What to Do When You Don’t Hear Back


After weeks or months of devoted networking, you’ve finally gotten an introduction to the perfect person at the place you’re dying to work. You dash off a thoughtful yet brief request to meet, and wait eagerly for a response. Days go by, then a week, and nothing. Your excitement and hope are fading fast, and your vision of an entry point to your chosen organization seems to be dashed. Now what?

We’ve all been in this situation (yes, me too!). Sometimes, despite your diligent research and perfectly crafted emails, you don’t hear back. I often get questions about what to do in this scenario, so here are some tips:

1. Always follow up – people are busy and we all get too many emails. Not a great excuse, but that’s reality. We’ve all missed emails we meant to respond to, so assume that’s the case and send a quick follow up if you haven’t heard back in about a week (set a reminder for yourself so you’ll remember to do this). You may want to wait a few days longer if you know they are especially busy or have been out of the office. Keep the follow up short and sweet, and reiterate why you are hoping to meet and when you are available. Some people only respond to the second email they receive, so if nothing else you will demonstrate your persistence and ability to follow through.  

2. Think about timing – aim to send the follow up message when it’s likely to actually be seen (read: not in the middle of a busy week). Fridays are often a good day to follow up, since people tend to have fewer meetings and may be catching up on email. Or you might try Sunday evening or early Monday morning, so that it will be at the top of their inbox when they are prepping for the week. Gmail and other email services let you schedule emails to send at a future time, so you don’t have to wait to hit “send” at the perfect moment.

3. Offer an alternative option – if you’re getting the sense that your contact may be too busy to meet, offer to talk with someone else on their team. This gives them a graceful out, and ensures you still have a connection who can give you advice about the organization and potential job leads, and probably more quickly than your original contact. While of course it’s great to meet with someone senior, the reality is they are much harder to schedule with. If you end up talking to a member of the team who’s closer to your level first, they may actually give you more relevant information and can vouch for your to their manager and make additional connections for you.  

4. Go back to the person who introduced you – if you have sent at least one follow up and still haven’t heard back, try asking the person who initially introduced you to the contact if they have any advice for getting in touch. Sometimes they will offer to follow up with the person on your behalf, or let you know the best way to get in touch (“oh, I know he can be really slow to respond to emails – I’d recommend calling his assistant directly to schedule time”).

Tried all of this, and still not hearing back? Move on, and as hard as it is, try to shake it off and don’t take it personally. The reality is that some people will never get back to you, and that part is out of your control. While it’s incredibly frustrating, odds are that it really is not about you, it’s about them not having time or not prioritizing their time to share with you.
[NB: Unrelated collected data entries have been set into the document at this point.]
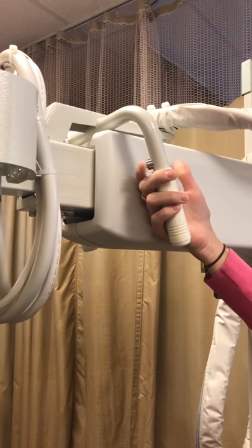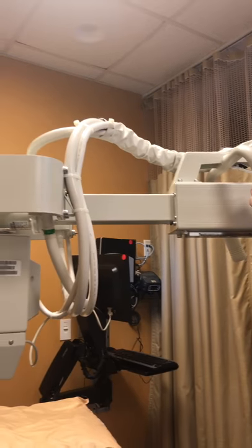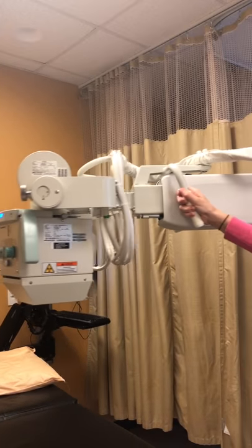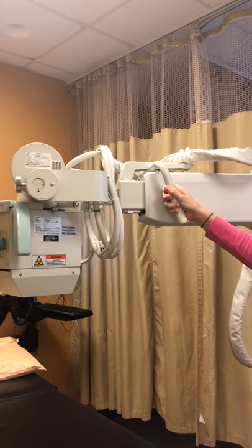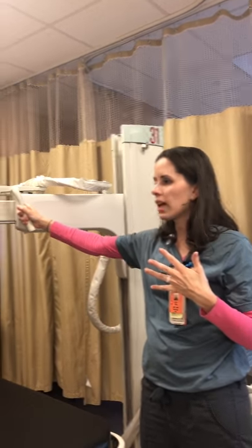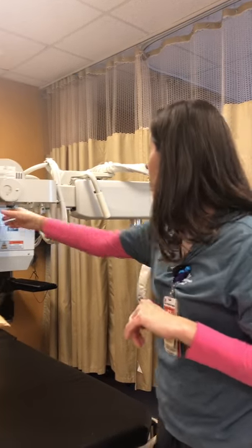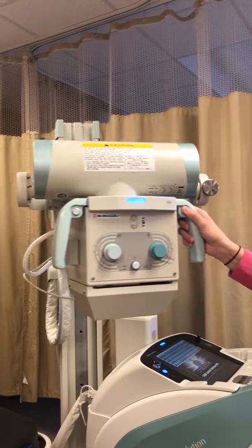You push this button on the inside and you're able to extend very easily — again slow and incremental. You actually have to drive this; it's not an automatic drive like you saw with the other buttons, but it is very handy if you can't get to the other side.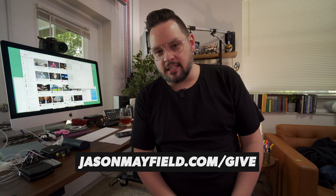Hello faithful friends of the internet, I'm Jason Mayfield and in this video I'm going to give you a tour of my live streaming setup. Before I start that tour, I would like to say thank you to all of the people who make these videos possible over at jasonmayfield.com/give.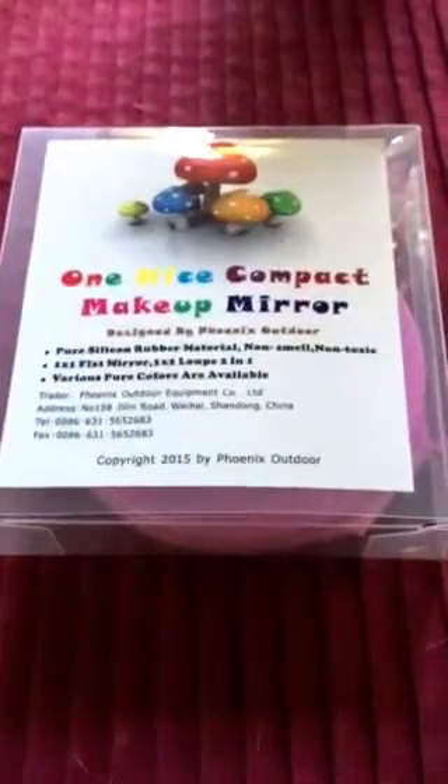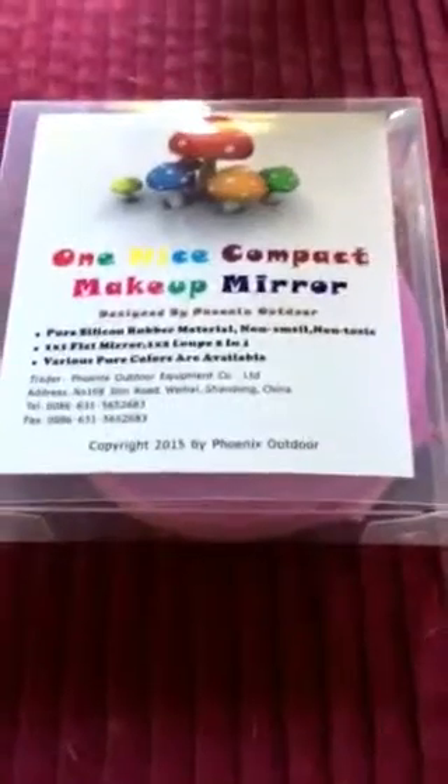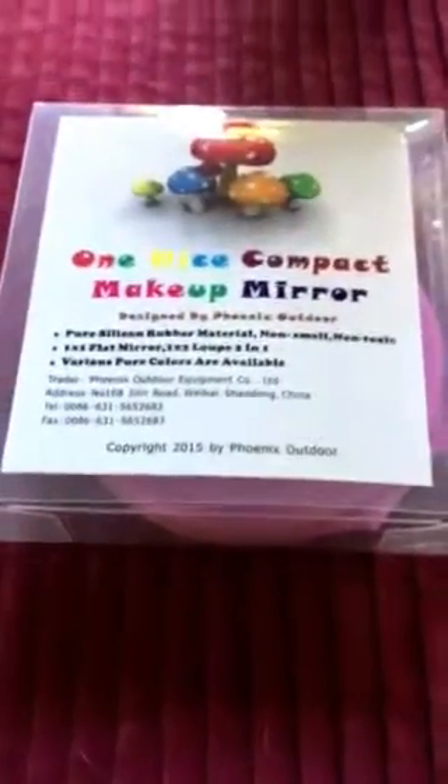This is the One Nice compact makeup mirror designed by Phoenix Outdoor. The mirror is made of a pure silicone rubber material — it's more of a gel.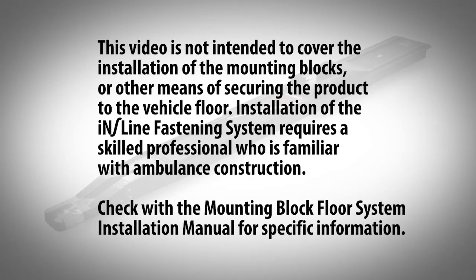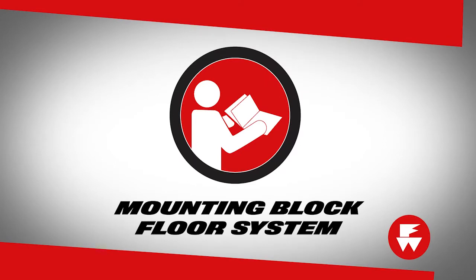This video is not intended to cover the installation of the mounting blocks or other means of securing the product to the vehicle floor. Installation of the inline fastening system requires a skilled professional who is familiar with ambulance construction. Check the mounting block floor system installation manual for specific information. Directions on installing the FERNO mounting block floor system for STAT track and inline fastening systems can be found in the mounting block floor system user's manual.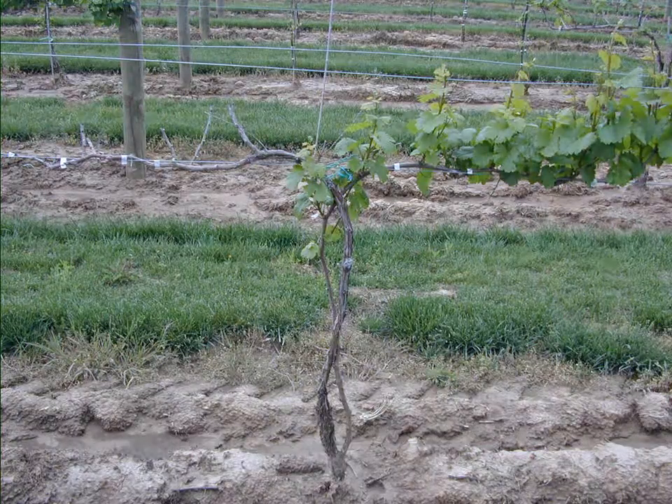Here's a situation we've seen over and over again in a number of vineyards, where we start to establish a training system — in this case a midwire cordon with two trunks. We start to bring the trunks up, establish the cordons, start spurring them, and part of the vine dies back from winter injury. You can see at the base of that trunk where crown gall has developed and killed that trunk. When this happens, all the work a grower goes through to establish a cordon training system is for naught because, with regularity, the vine will be killed back in this manner.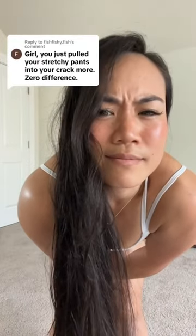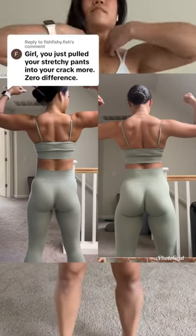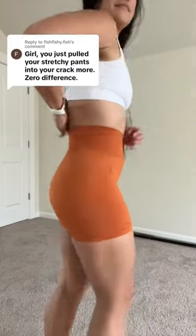Girl, you just pulled your stretchy pants into your crack more. Zero difference. All right then, let's just make this a tutorial on how to catfish and instantly grow your glutes.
Which is too bad, because they are missing out on a great thing!

But even if you are moving on from this contact, there’s no need to give up completely on the organization – you need to look for another avenue. You sometimes need to approach an organization from multiple directions before finding the right person, so if you aren’t getting traction with contact #1, see who else you’re connected to there; even if they aren’t in the department you’re interested in, they can help you navigate the organization and put you in touch with someone who is.

Finally, remember that taking a networking approach to your job search requires a tremendous amount of persistence and the ability to weather disappointments and downturns with positivity and without losing sight of your end goal: finding the job that’s right for you. Your work will pay off, so focus on the people who do get back to you (there will be many), and don’t let a few unreturned emails distract you from your mission.  

Are there other tips or strategies you’ve found successful in following up? We’d love to hear them in the comments!